In total, the plans serve 18,000 employees — many of whom are members of either the Power Workers’ Union or the Society of Energy Professionals — and 19,000 retirees. 
"We recognize that the ratepayers, ultimately, are the ones that are affording this," Finance Minister Charles Sousa said, noting *many Ontarians paying for the pensions don’t have plans of their own*."
_
The article also refers to the pension plans of the IESO (Independent Electricity System Operator) and the ESA (Electrical Safety Authority).

As I wrote in one of the posts upthread, this is just the tip of a massive iceberg.
There is a *rampant, systematic, planned looting of the tax-payers *going on for years/decades.


----------



## OnlyMyOpinion

*"when anyone points out the obscene wealth distribution of the private sector"*

This video isn't about unions vs private sector. Its about those obscene private sector 1% who control 40% of the wealth in America. Who are they? They must be criminal, crooked wall street thieves.

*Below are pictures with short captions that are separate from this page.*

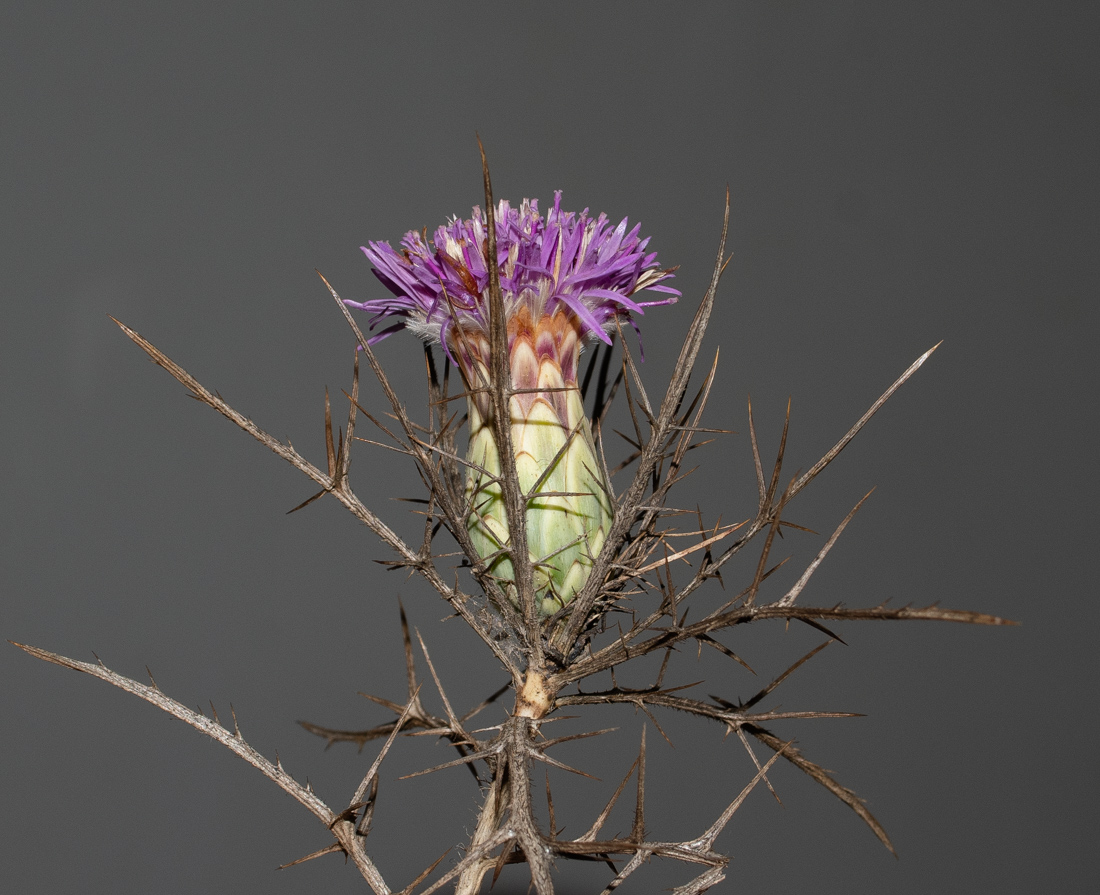 Изображение особи Carlina comosa.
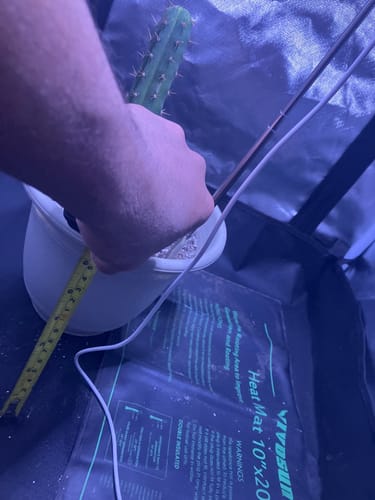Customer photo review of Heat Pack | Winter Shipping Upgrade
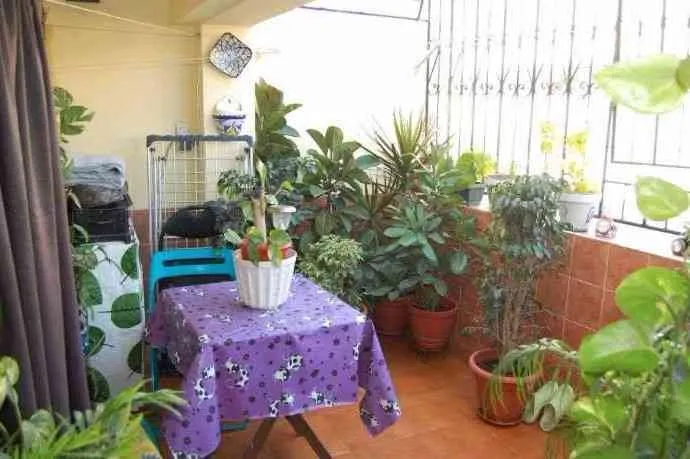A vendre appartement en plein centre - طنجة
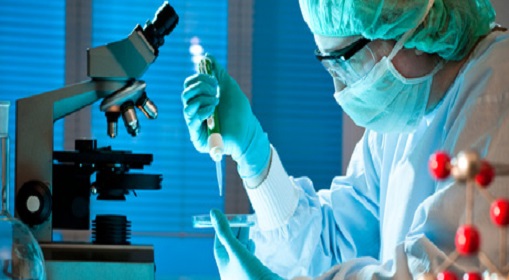 Laboratoire Substances Naturelles, Biomolécules et Applications Biotechnologiques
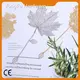 Bookmark Manufacturer 7- 15 Dayscompany 1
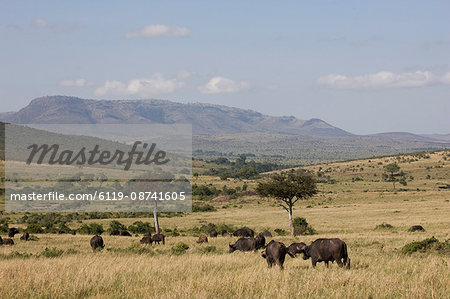 African buffalo (Syncerus caffer), Masai Mara National Reserve, Kenya, East Africa, Africa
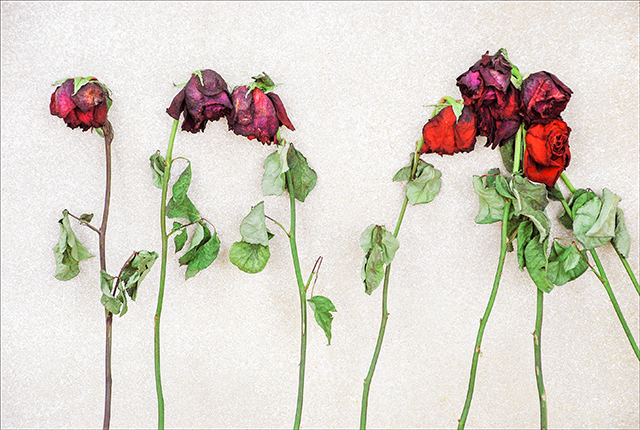 20161024195714_danse_macabre 20161024195714_danse_macabre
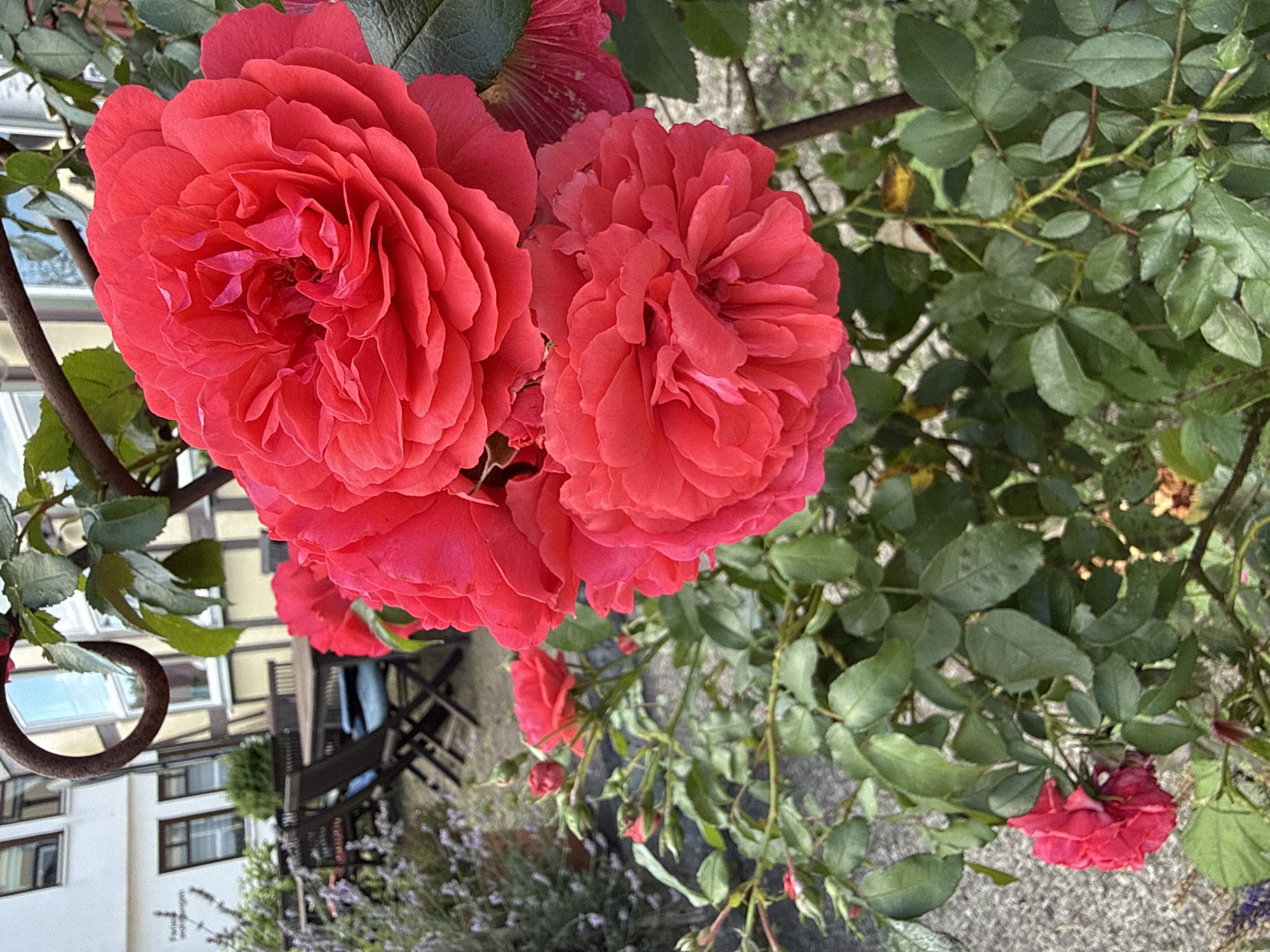 A close-up shot focuses on several bright pink roses in the foreground, with layered petals and lush green leaves. In the background, a patio area with wooden tables and chairs is visible, suggesting an outdoor seating space. Behind the patio, a building with white and tan-colored siding and multiple windows is partially visible. The scene appears to be located in Walkenried, Germany.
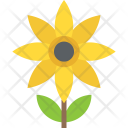 پیش‌نمایش فایل sun-flower-2 از پک طبیعت ۲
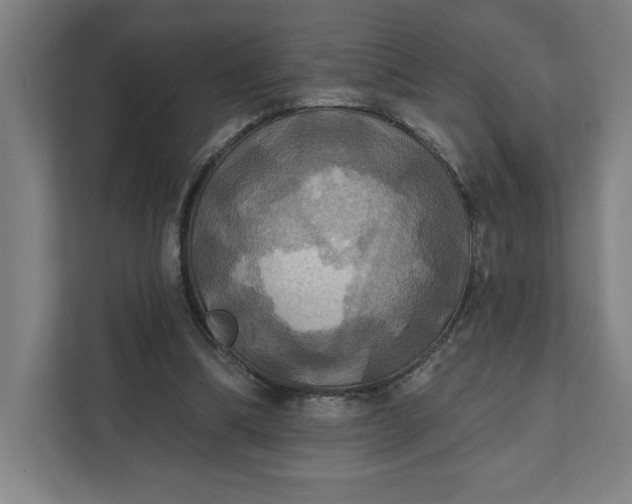 X0000112030298200908171456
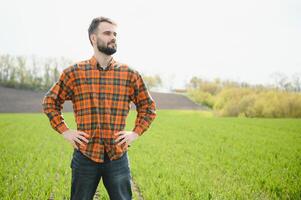 une Jeune agriculteur inspecte le qualité de blé choux dans le champ. le concept de agriculture. photo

Well lets see, the wealthiest American is Bill Gates, followed by Warren Buffet (about $130 billion combined). The first is largely responsible for your ability to use a computer to post to this site, the second is a hugely successful investor that many look to for insight. One was a university dropout the other had a B.A. 
Both now hold positions on the Bill & Melinda Gates Foundation, dedicated with putting ~$40 billion of wealth to work improving health and education around the world.
Way down the list (http://www.forbes.com/forbes-400/) is Mark Zuckerberg, a youngster worth only $19 billion. We're not Facebook users and not big fans of his wealth, but we aren't about to argue with the 1 billion users who seem to need facebook in their lives. Maybe there's a social issue there you'd like to take up that outweighs union-private sector issues.

So the question: Would we really sooner live in a world that squashes the ability of the Bills and Warrens of America to be successful, or that confiscates their "obscene" wealth. Do we really think our governments can "put in to better use"?


----------



## sags

Yes, but as Bill Gross ( CEO of PIMCO and himself a member of the wealth club) has pointed out......the Bill Gates and Warren Buffets of the world, accumulated their wealth during the greatest period of economic expansion of the middle class in history.

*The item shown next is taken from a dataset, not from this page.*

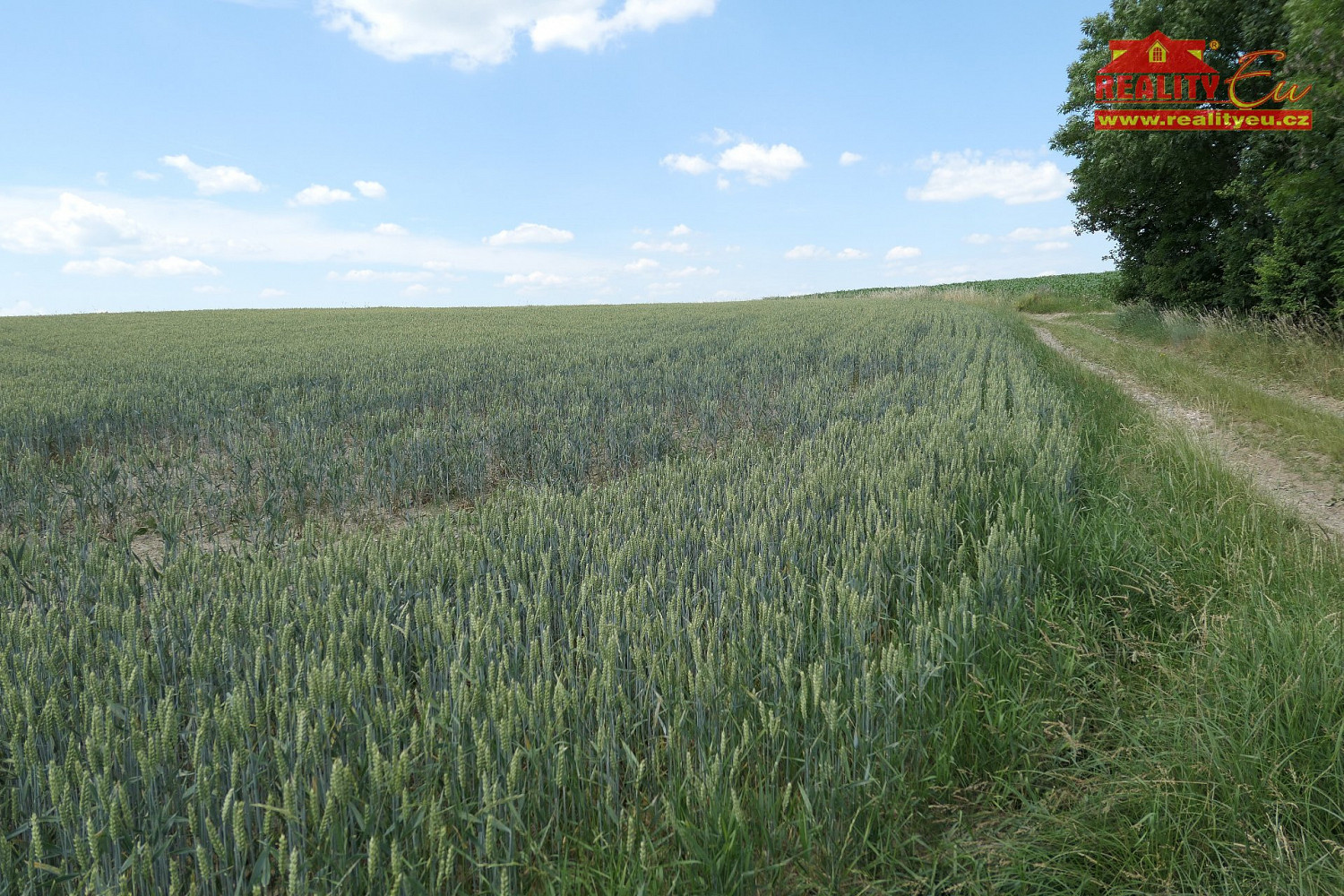 Dobré, okres Rychnov nad Kněžnou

A comfortable middle class with purchasing power, who bought computers, Windows programs, and corporate production.

Would they........could they.........repeat their success in a world where the middle class is being steadily squeezed out?

Every year, the wealthy gather more total wealth and total income..........while the other 99% gather less.

I don't advocate for "taking" from anyone.........but wealth attracts more wealth.........as magnets attract iron.

If we don't find a way to more evenly distribute wealth and income, there is no sustainable path ahead.

The video highlights how the distribution of wealth has changed.........and the trend forward.

*"A country that is now aspiring to an 'Ownership Society' will not find happiness in - and I'll use hyperbole here for emphasis - a 'Sharecropper's Society.' But that's precisely where our trade policies, supported by Republicans and Democrats alike, are taking us."*

Quote by Warren Buffet


----------



## sags

The US trade "deficit" with China is about 40 Billion a month.

http://business.time.com/2013/12/04/u-s-trade-deficit-drops-to-40-6-billion-in-october/

Canada's trade "deficit" is about 930 million a month, despite a 3 billion dollar trade "surplus" with the US.

http://business.financialpost.com/2...deficit-doubles-as-exports-drop-imports-rise/

Our "big" problems aren't public service pay,.......or pensions.......or taking from the wealthy.

It is the failure of free trade policies, supported by all political parties who have convinced themselves that all trade is good.......even when it's not.


----------



## HaroldCrump

sags, all these complaints about free trade etc. are irrelevant misdirection and subterfuge.
We hear similar arguments from the union shills in the media such as Armine Yalnizyan, Adam Weir etc.

It is designed to change the topic of conversation from the systematic looting of the tax payers, such as the OPG and Hydro One pension scams highlighted above.
No amount of free trade (or lack thereof) can cause a group of individuals to misbehave like this.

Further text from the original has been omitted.